Abstract painting of subject, generated by DALL-E 2

Sun stroke

06 Jun 2009 - Bruno Prior

I have been in France for a couple of days, visiting a potential business partner's sites. They have plans to install a huge area of photovoltaic (PV) panels at both sites. In both cases, they claim that the PV will pay for the cost of the buildings on which the panels will be installed. Hence they are building very big structures to cover with PV.

That is somewhat surprising, because PV, unless massively subsidised, doesn't even cover the cost of itself (i.e. installing and running the panels), let alone pay for the building underneath. The explanation: the French government is introducing a tariff to pay €500/MWh from PV. By comparison, their power costs (they claim, though this probably hides massive subsidy to the nuclear industry) around €37/MWh to produce, and consumers pay €42-120/MWh (large industrial to small domestic).

In this respect, they are outdoing even the Germans, who "only" threw €320-400/MWh at PV. This made the Germans the biggest deployers of PV in the world (relative to the size of their economy). And yet contributed a gnat's fart of electricity (<0.1%) to their total energy supplies.

Our potential colleagues will not be the only ones planning to respond to this incentive by building installations that otherwise would not be built, which will cost a fortune, fit badly with their nuclear power (as both are inflexible), and add little to their energy supplies or security. There will doubtless be a spate of construction subsidised by this massive distortion, whose cost bears no relation to the environmental or economic benefit (particularly in France, where this power will mainly be displacing nuclear, and therefore making a minimal impact on carbon emissions, and reducing the efficiency of the nuclear power stations).

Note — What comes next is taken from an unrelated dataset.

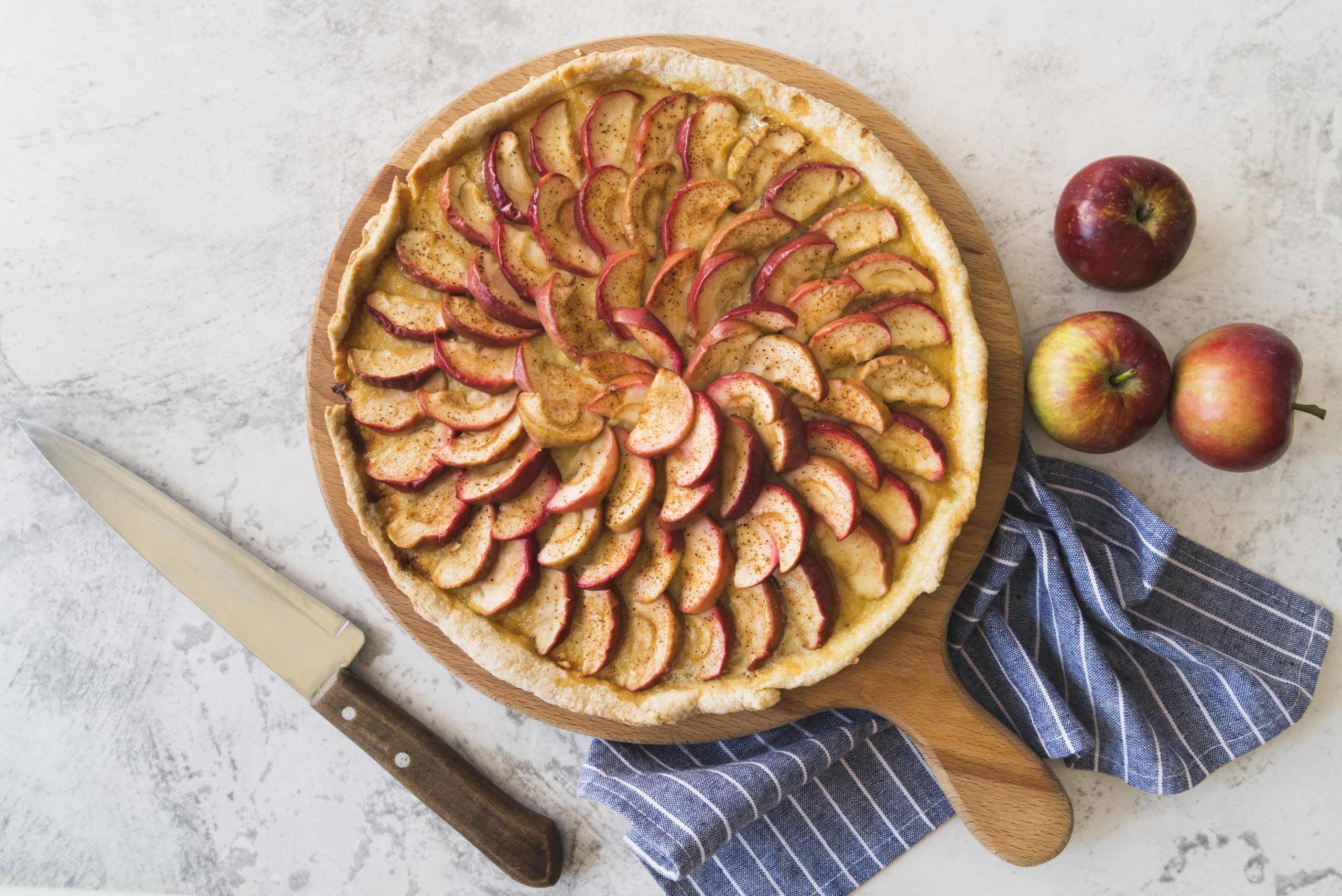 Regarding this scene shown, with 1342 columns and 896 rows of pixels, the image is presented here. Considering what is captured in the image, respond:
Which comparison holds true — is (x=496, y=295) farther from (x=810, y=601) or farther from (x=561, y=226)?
(x=810, y=601)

The French government justifies this, as governments always do, by claiming that massive support will produce massive deployment, which will achieve economies of scale, and drive the technology down the learning curve, making the technology viable in the long-run. What they have not explained is why this has not already been achieved by the German programme, and why, following that programme and the supposed economies and learning achieved, they have had to introduce a subsidy even more generous than the Germans in order to encourage the market. Is this yet another example where the learning curve is negative, and the lessons learned are that the technology is more expensive and less likely to reduce in cost than its proponents expected?